** MATERIAL PROVIDED **
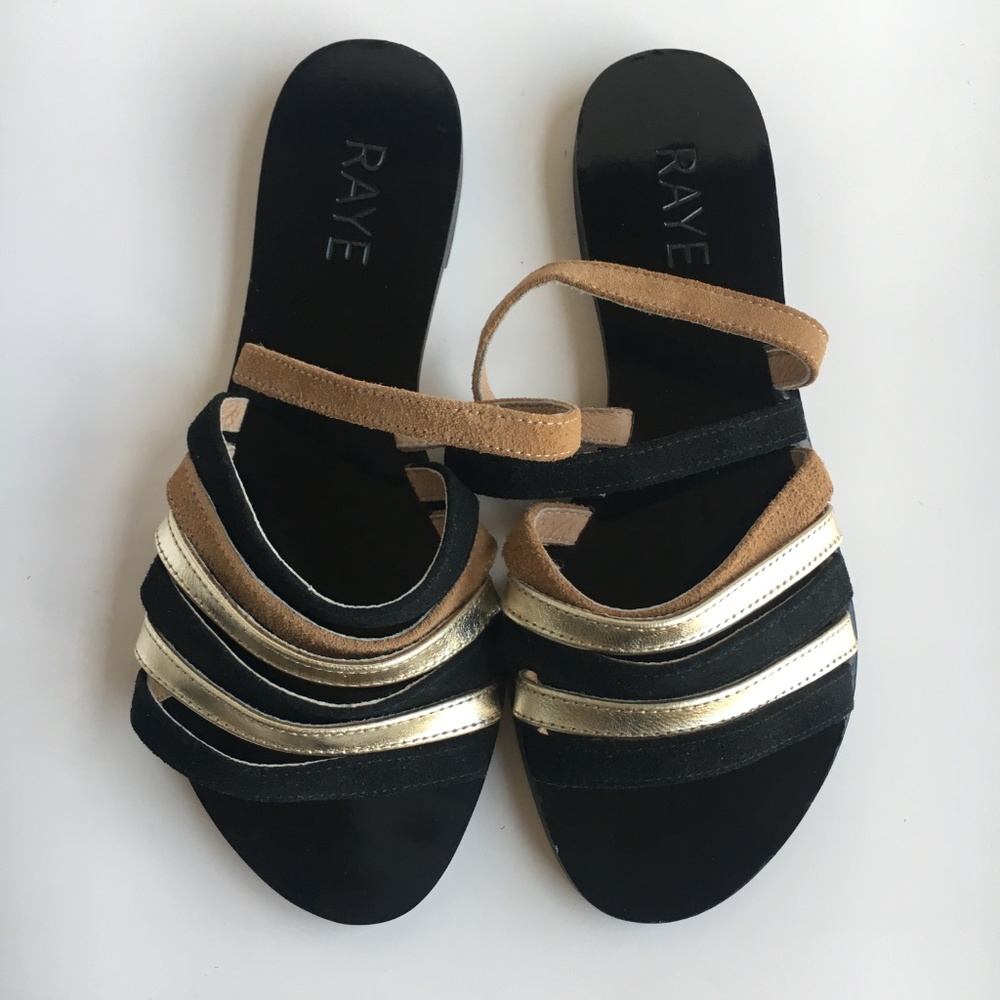NWOB RAYE Anthropologie Sofie Flat Sandal Strappy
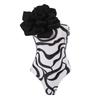2024 European and American Women's Slimming One-Piece Swimsuit with Big Floral Design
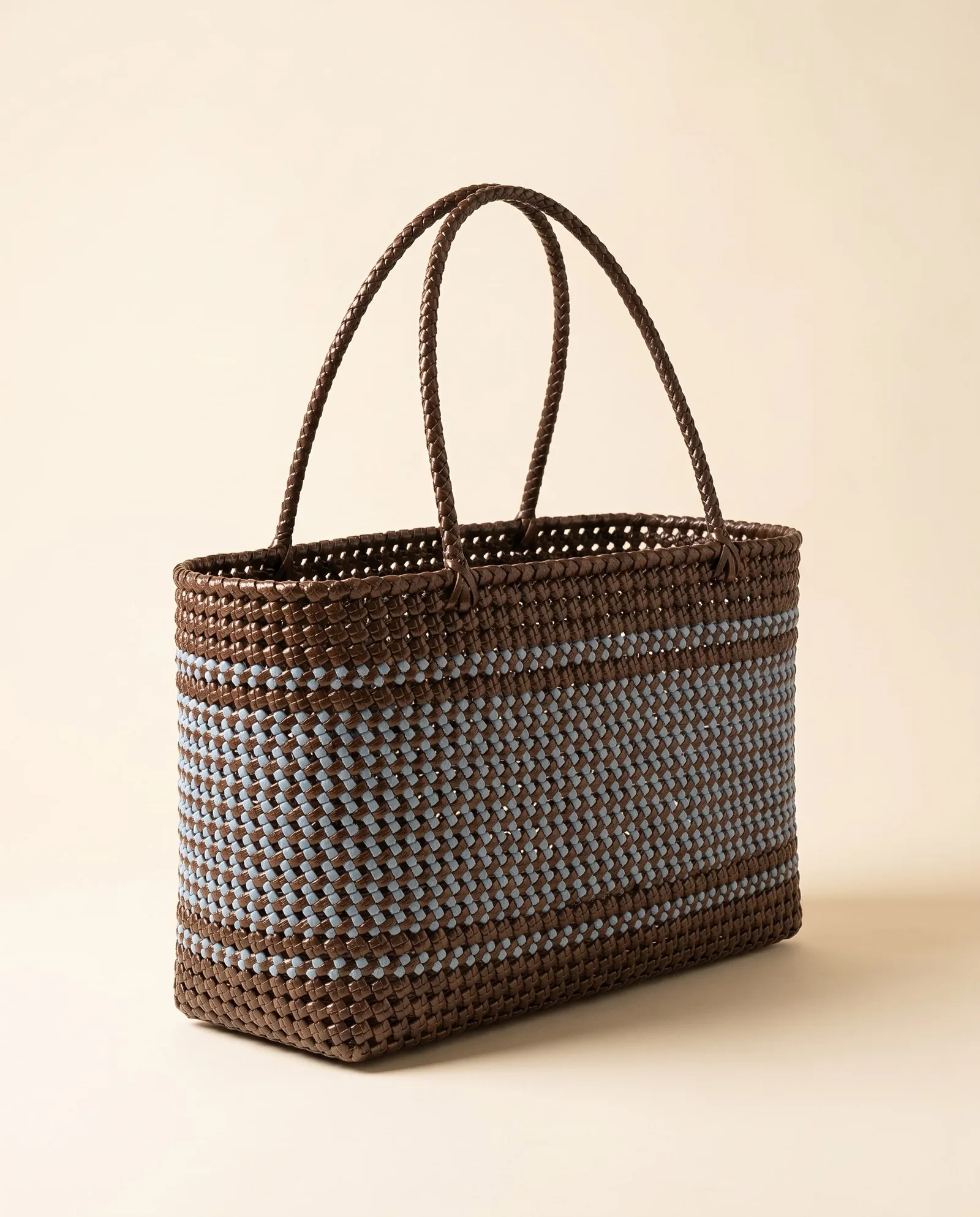 Denim Stripe Knot Tote 蓝调条纹结织托特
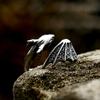 BEIER 2022 New Fashion Dragon Ring Pterosaurs Sword Ring Flying Dragon With Wings For Men Women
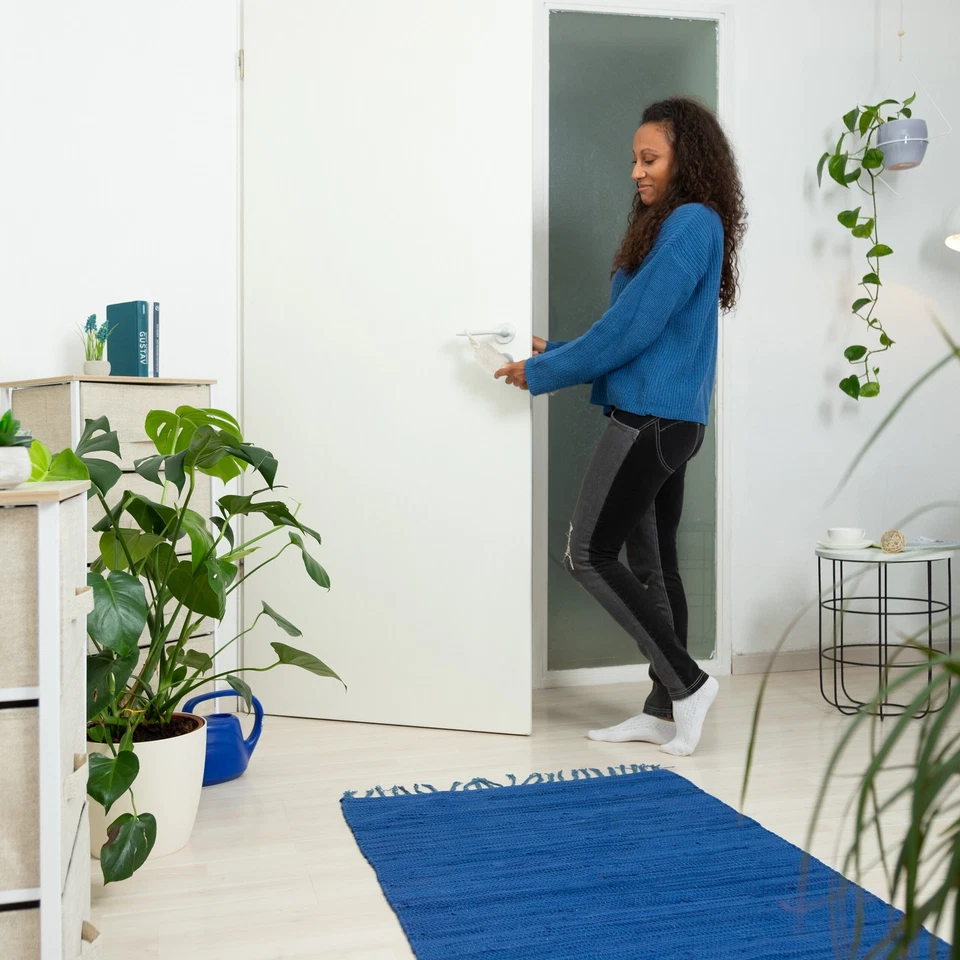 Türkordel klemmschutz Türstopper Klinke Türöffner Seil Türschutz für Kinder - Bild 3 von 4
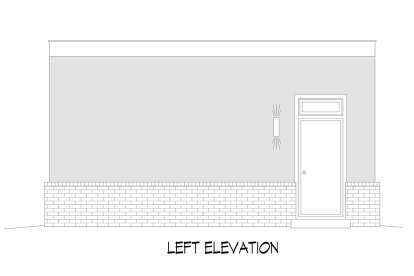 Modern House Plan #940-01187 Elevation Photo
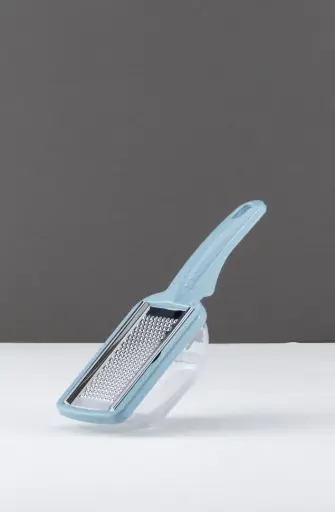 [JUL-JU24-979] GRATER WITH PLASTIC LONG HAND-BLUE&GRAY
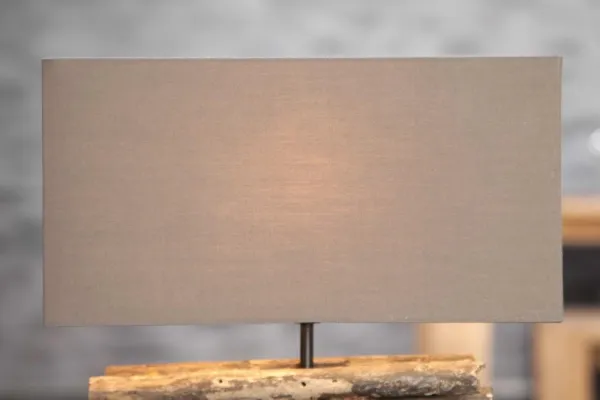 Stolová lampa BAMAKO Dekorhome Hnedá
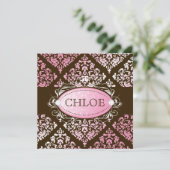 311-豪華なピンクのダマスク50と素晴らしい 招待状 (スタンド正面)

** EXERCISE DIRECTIONS **
Leave the pictures out, and retype exactly the lines from the one containing "Türkordel klemmschutz Türstopper" through the last line of the entries above, both included.

** ANSWER TO THIS TASK **
 Türkordel klemmschutz Türstopper Klinke Türöffner Seil Türschutz für Kinder - Bild 3 von 4
 Modern House Plan #940-01187 Elevation Photo
 [JUL-JU24-979] GRATER WITH PLASTIC LONG HAND-BLUE&GRAY
 Stolová lampa BAMAKO Dekorhome Hnedá
 311-豪華なピンクのダマスク50と素晴らしい 招待状 (スタンド正面)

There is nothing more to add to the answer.